[Data records]

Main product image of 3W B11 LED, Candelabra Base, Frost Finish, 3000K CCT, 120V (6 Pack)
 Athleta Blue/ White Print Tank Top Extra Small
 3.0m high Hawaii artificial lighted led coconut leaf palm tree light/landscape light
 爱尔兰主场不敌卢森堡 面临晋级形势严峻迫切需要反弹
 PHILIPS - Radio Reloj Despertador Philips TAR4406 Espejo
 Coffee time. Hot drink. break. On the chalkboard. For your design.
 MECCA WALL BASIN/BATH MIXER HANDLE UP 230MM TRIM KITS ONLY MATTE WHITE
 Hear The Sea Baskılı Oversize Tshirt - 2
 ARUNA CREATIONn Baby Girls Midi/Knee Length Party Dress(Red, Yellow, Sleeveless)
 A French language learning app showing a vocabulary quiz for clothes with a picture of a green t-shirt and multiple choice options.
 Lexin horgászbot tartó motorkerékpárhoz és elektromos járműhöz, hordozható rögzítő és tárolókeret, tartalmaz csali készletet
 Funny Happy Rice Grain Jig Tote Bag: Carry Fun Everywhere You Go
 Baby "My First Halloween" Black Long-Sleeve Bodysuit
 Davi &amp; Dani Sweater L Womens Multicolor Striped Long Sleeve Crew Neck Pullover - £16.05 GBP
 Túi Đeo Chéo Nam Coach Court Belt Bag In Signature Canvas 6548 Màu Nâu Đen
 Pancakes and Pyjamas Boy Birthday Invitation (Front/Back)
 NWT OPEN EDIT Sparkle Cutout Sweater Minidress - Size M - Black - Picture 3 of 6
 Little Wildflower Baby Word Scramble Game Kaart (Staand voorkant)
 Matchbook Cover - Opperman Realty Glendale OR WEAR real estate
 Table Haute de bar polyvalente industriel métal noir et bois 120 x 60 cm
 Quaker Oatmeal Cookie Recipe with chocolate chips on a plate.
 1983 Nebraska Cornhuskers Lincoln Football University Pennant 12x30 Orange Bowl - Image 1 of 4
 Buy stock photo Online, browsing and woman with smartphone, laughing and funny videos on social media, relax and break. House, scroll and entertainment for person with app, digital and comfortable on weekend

**Problem to solve**
Count how many lines in the data above include the string "Long", and write only that number.

**Solution**
2